Crawled caption data
Segment Open

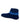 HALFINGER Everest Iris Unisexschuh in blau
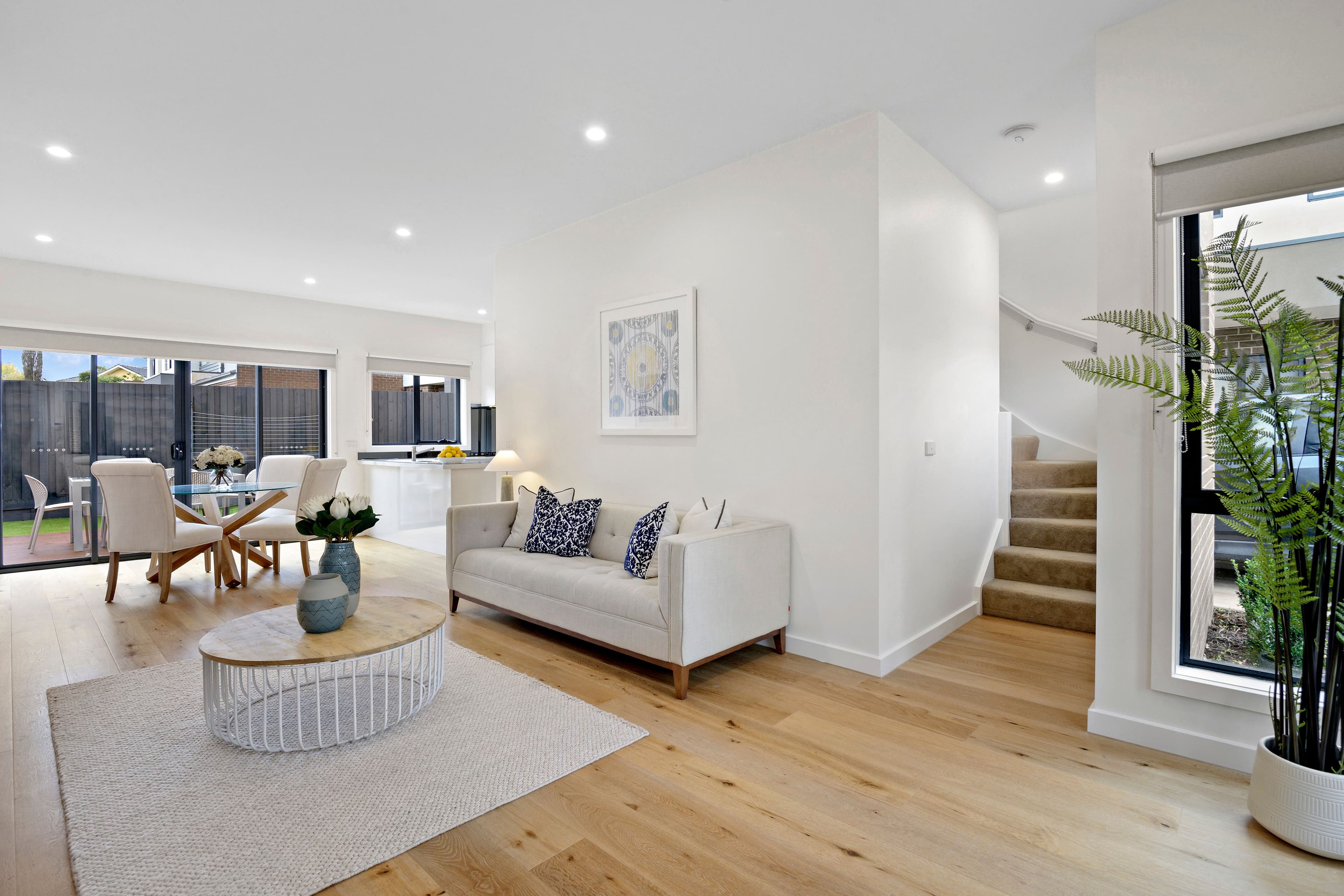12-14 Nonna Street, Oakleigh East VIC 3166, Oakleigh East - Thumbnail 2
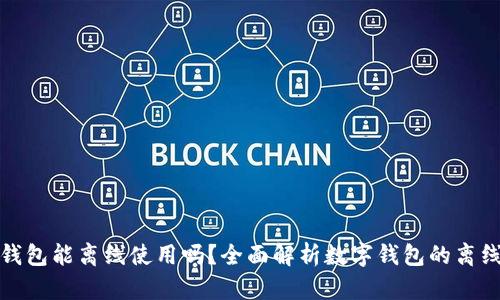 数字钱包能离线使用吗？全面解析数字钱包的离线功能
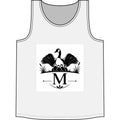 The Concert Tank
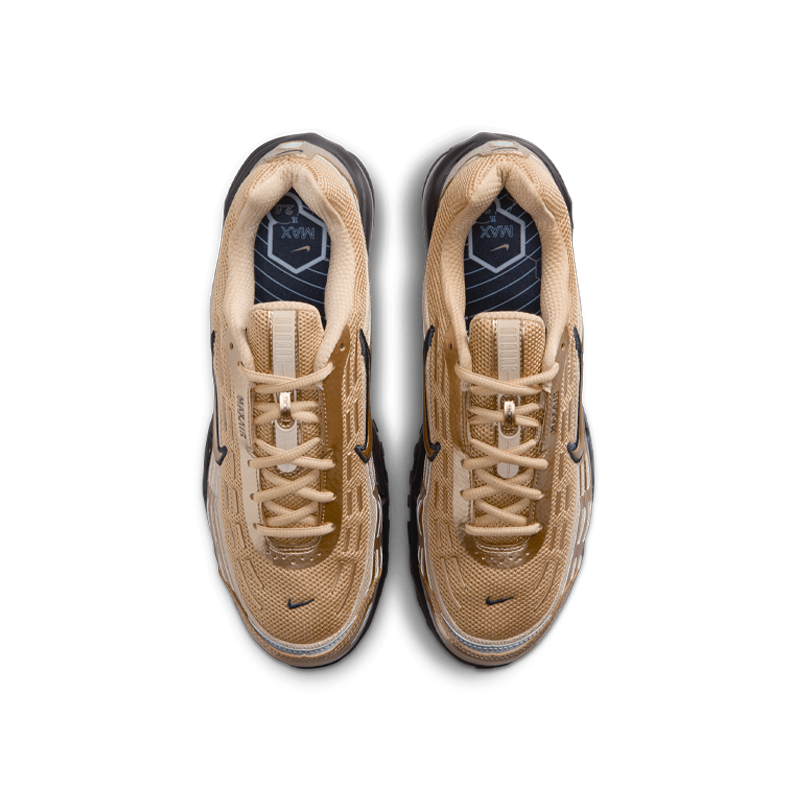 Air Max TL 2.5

Segment Closed

**YOUR GOAL**
Could you restate every entry above word for word, leaving out the pictures?

**SOLUTION TO THIS TASK**
 HALFINGER Everest Iris Unisexschuh in blau
12-14 Nonna Street, Oakleigh East VIC 3166, Oakleigh East - Thumbnail 2
 数字钱包能离线使用吗？全面解析数字钱包的离线功能
 The Concert Tank
 Air Max TL 2.5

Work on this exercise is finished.